Does Vicky Ward honestly believe that every uncoupled man over thirty-five is suffering from this serious mental illness? It seems that she does.

Why? Could it be that she is frightened? In her article she comments that, in New York, where she is based, there is an excessive number of single women to men, so if she feels that a committed partner is necessary to a woman's sense of well-being then she might well feel threatened by men who want something different. Projecting psychopathology onto people who do not agree with you, especially about values, is a very old strategy.

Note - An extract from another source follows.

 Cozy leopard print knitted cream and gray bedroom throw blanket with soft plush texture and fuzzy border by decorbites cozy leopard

'They are sad and therefore they are mad' is a good cover for fear. There is an alternative, though: 'They are not sad and therefore they are bad.' My mother was widowed shortly after she turned sixty. She lived alone for the remaining twenty-five years of her life. I do not think she was ever reconciled to her single status. She was very much loved by a great many, often rather unexpected, people. But I think she felt profoundly lonely after my father died, and she could not bear the fact that I was enjoying solitude. I had abandoned marriage, in her view, and was now happy as a pig in clover. It appalled her – and she launched a part-time but sustained attack on my moral status: I was selfish.

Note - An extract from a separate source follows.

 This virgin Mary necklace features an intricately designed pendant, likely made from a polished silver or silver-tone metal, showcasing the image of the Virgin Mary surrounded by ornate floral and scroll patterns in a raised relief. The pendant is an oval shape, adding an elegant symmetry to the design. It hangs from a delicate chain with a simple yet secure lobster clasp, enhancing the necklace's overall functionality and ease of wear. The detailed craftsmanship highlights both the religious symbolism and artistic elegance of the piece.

It was 'selfish' to live on my own and enjoy it.

Interestingly, this is a very old charge. In the fourth century AD, when enthusiastic young Christians were leaving Alexandria in droves to become hermits in the Egyptian desert, their Bishop Basil, infuriated, demanded of one of them, 'And whose feet will you wash in the desert?' The implication was that in seeking their own salvation out with the community, they were neither spreading the faith nor ministering to the poor; they were being selfish. This is a theme that has cropped up repeatedly ever since, particularly in the eighteenth century, but it has a new edge in contemporary society, because we do not have the same high ethic of 'civil' or public duty. We are supposed now to seek our own fulfilment, to act on our feelings, to achieve authenticity and personal happiness – but mysteriously not do it on our own.

Today, more than ever, the charge carries both moral judgement and weak logic. I write a monthly column for The Tablet (a Catholic weekly magazine) partly about living on my own. One month I wrote about the way a conflict of duties can arise: how 'charitable' is the would-be hermit meant to be about the needs and demands of her friends? One might anticipate that a broadly Catholic readership would be more sympathetic to the solitary life because it has such a long (and respected) tradition behind it. But I got some poisonous letters, including one from someone who had never met me, but who nonetheless felt free to pen a long vitriolic note which said, among other things:

Given that you are obviously a person without natural affections and a grudging attitude towards others it is probably good for the rest of us that you should withdraw into your own egocentric and selfish little world; but you should at least be honest about it.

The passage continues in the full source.